**TRY IT:** Using the data below, set down every line from the one containing "Okay, so you" through the one containing "This is a chart", inclusive and unchanged. Pictures are to be skipped.
──────── RECORDS PROVIDED
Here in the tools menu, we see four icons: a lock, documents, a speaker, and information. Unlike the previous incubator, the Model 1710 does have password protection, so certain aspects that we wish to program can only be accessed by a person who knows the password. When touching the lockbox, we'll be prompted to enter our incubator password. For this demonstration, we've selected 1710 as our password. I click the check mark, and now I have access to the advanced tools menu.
────────────────
──────── RECORDS PROVIDED
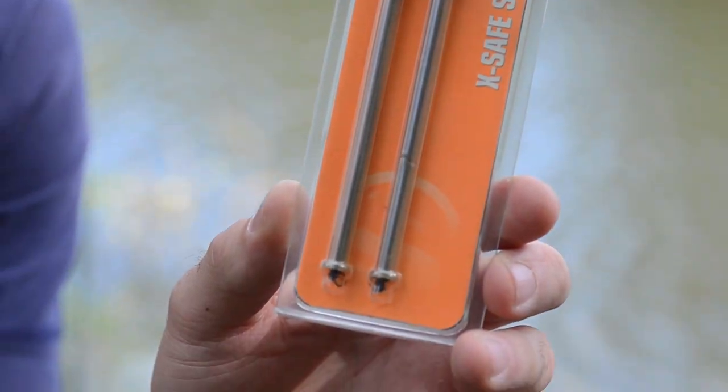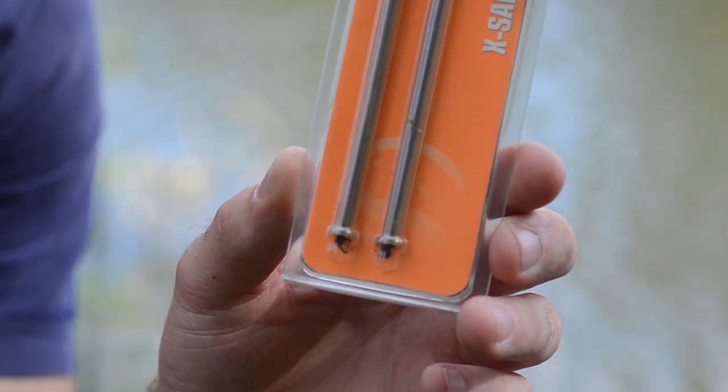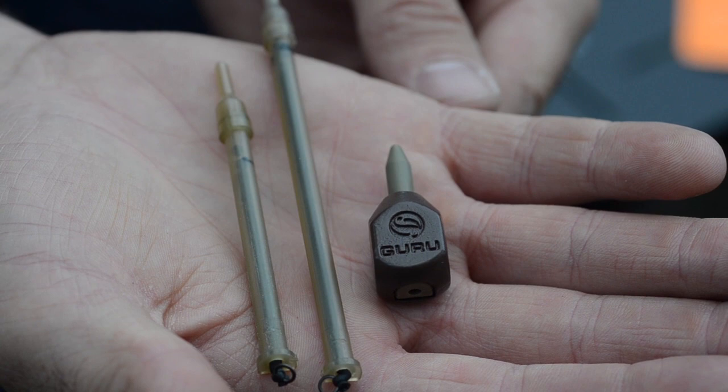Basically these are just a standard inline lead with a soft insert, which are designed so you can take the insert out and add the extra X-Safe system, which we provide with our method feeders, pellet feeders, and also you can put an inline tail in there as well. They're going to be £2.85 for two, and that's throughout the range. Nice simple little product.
────────────────
──────── RECORDS PROVIDED
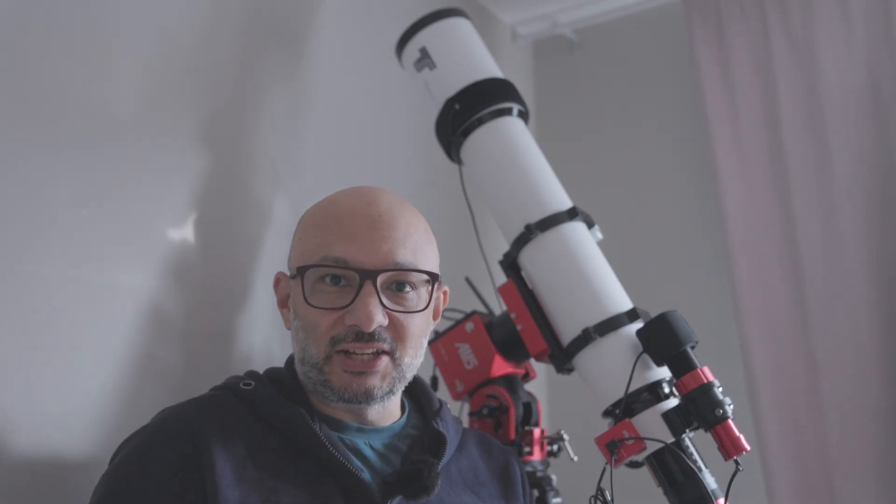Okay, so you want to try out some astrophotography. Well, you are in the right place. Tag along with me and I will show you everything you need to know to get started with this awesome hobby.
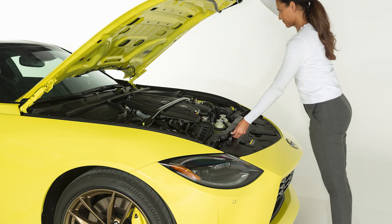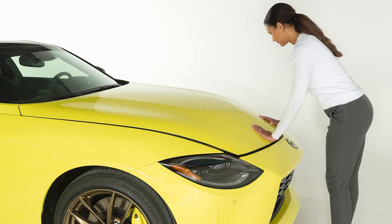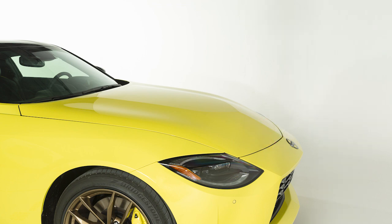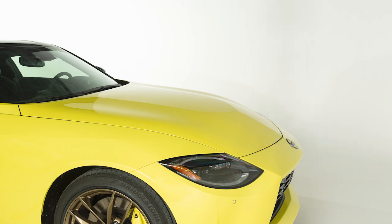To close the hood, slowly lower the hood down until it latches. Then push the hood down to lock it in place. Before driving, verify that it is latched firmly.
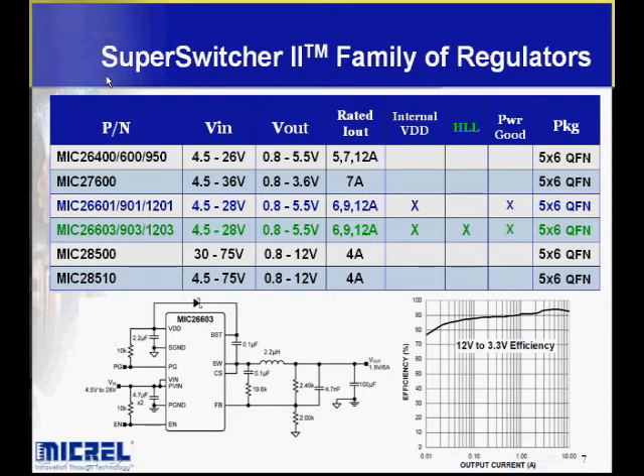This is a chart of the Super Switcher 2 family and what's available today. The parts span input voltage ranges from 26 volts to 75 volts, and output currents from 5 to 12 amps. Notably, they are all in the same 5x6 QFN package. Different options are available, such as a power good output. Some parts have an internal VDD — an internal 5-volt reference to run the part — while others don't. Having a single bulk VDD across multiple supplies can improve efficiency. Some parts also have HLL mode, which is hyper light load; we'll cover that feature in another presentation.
────────────────
**WRITTEN RESPONSE:**
Okay, so you want to try out some astrophotography. Well, you are in the right place. Tag along with me and I will show you everything you need to know to get started with this awesome hobby.
To close the hood, slowly lower the hood down until it latches. Then push the hood down to lock it in place. Before driving, verify that it is latched firmly.
This is a chart of the Super Switcher 2 family and what's available today. The parts span input voltage ranges from 26 volts to 75 volts, and output currents from 5 to 12 amps. Notably, they are all in the same 5x6 QFN package. Different options are available, such as a power good output. Some parts have an internal VDD — an internal 5-volt reference to run the part — while others don't. Having a single bulk VDD across multiple supplies can improve efficiency. Some parts also have HLL mode, which is hyper light load; we'll cover that feature in another presentation.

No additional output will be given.